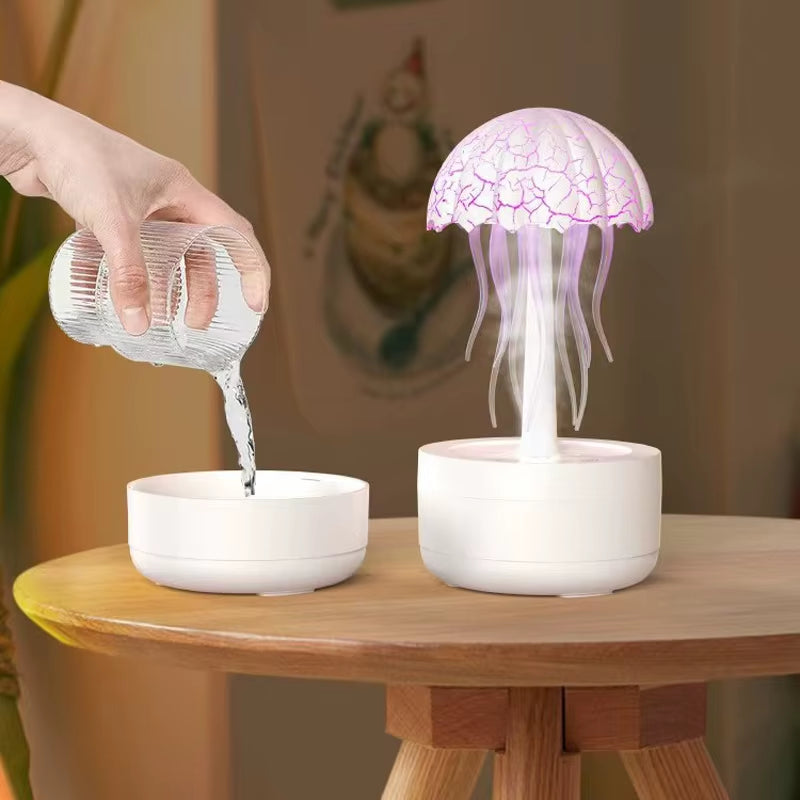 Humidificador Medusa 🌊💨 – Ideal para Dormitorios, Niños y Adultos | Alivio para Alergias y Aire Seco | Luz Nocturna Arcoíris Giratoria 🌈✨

* * *

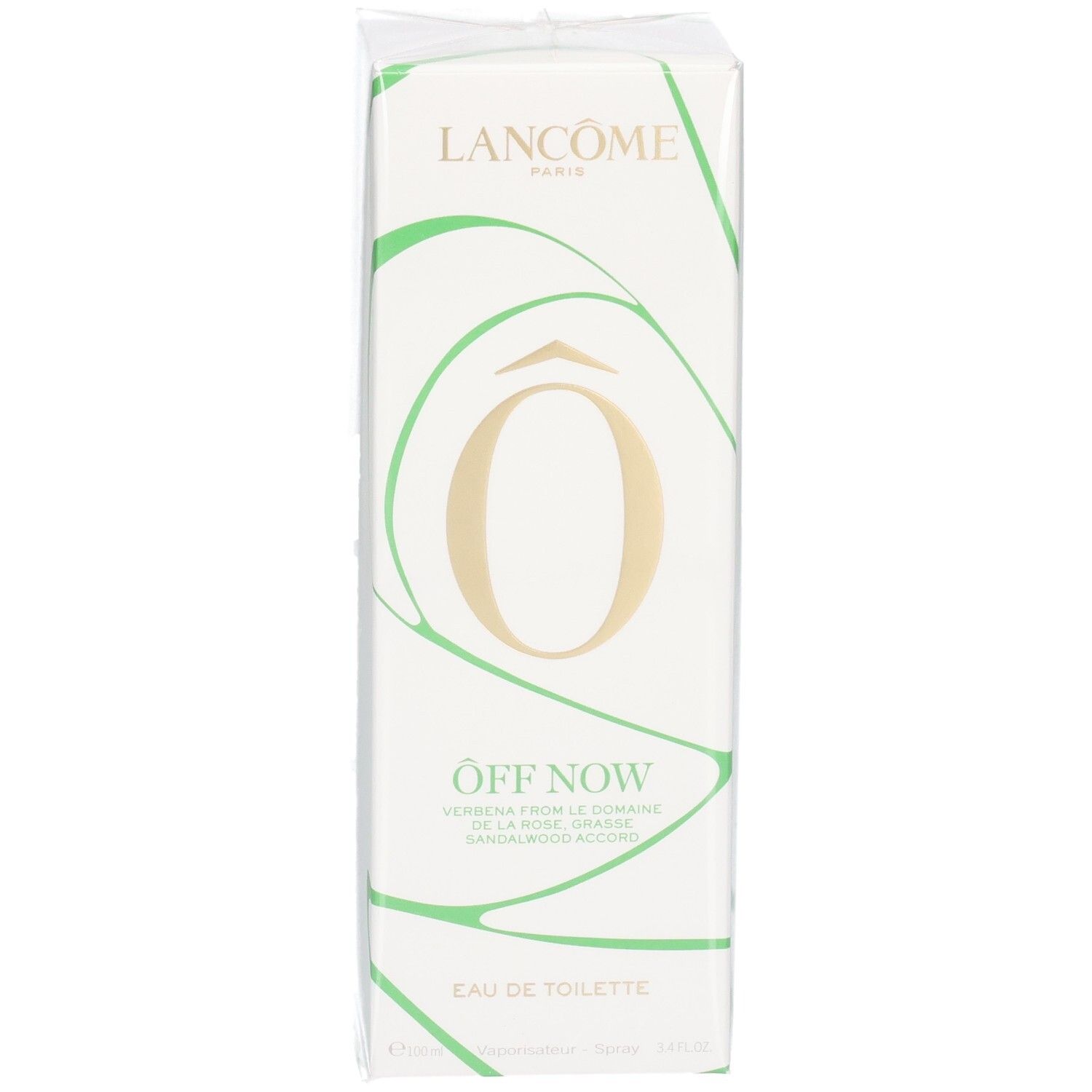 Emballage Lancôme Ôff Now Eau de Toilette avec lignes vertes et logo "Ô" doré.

--

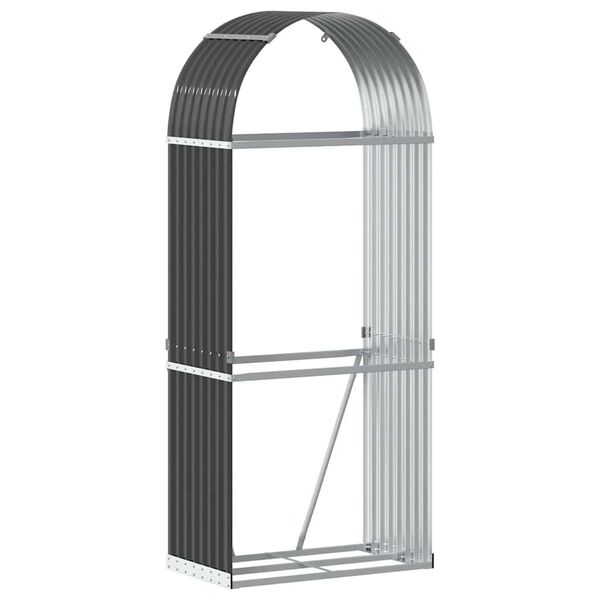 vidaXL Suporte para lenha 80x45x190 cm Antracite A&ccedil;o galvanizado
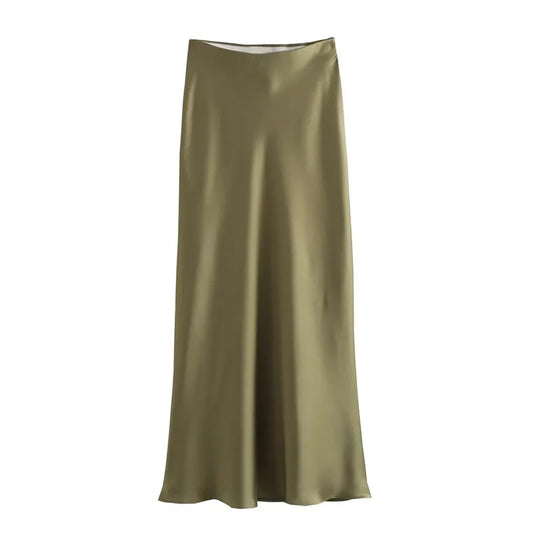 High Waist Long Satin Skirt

**WHAT IS NEEDED:** Reproduce the listing above only between the lines holding "vidaXL Suporte para" and "High Waist Long Satin Skirt", inclusive. Every line must match exactly, and pictures are dropped.

**YOUR RESPONSE:**
 vidaXL Suporte para lenha 80x45x190 cm Antracite A&ccedil;o galvanizado
 High Waist Long Satin Skirt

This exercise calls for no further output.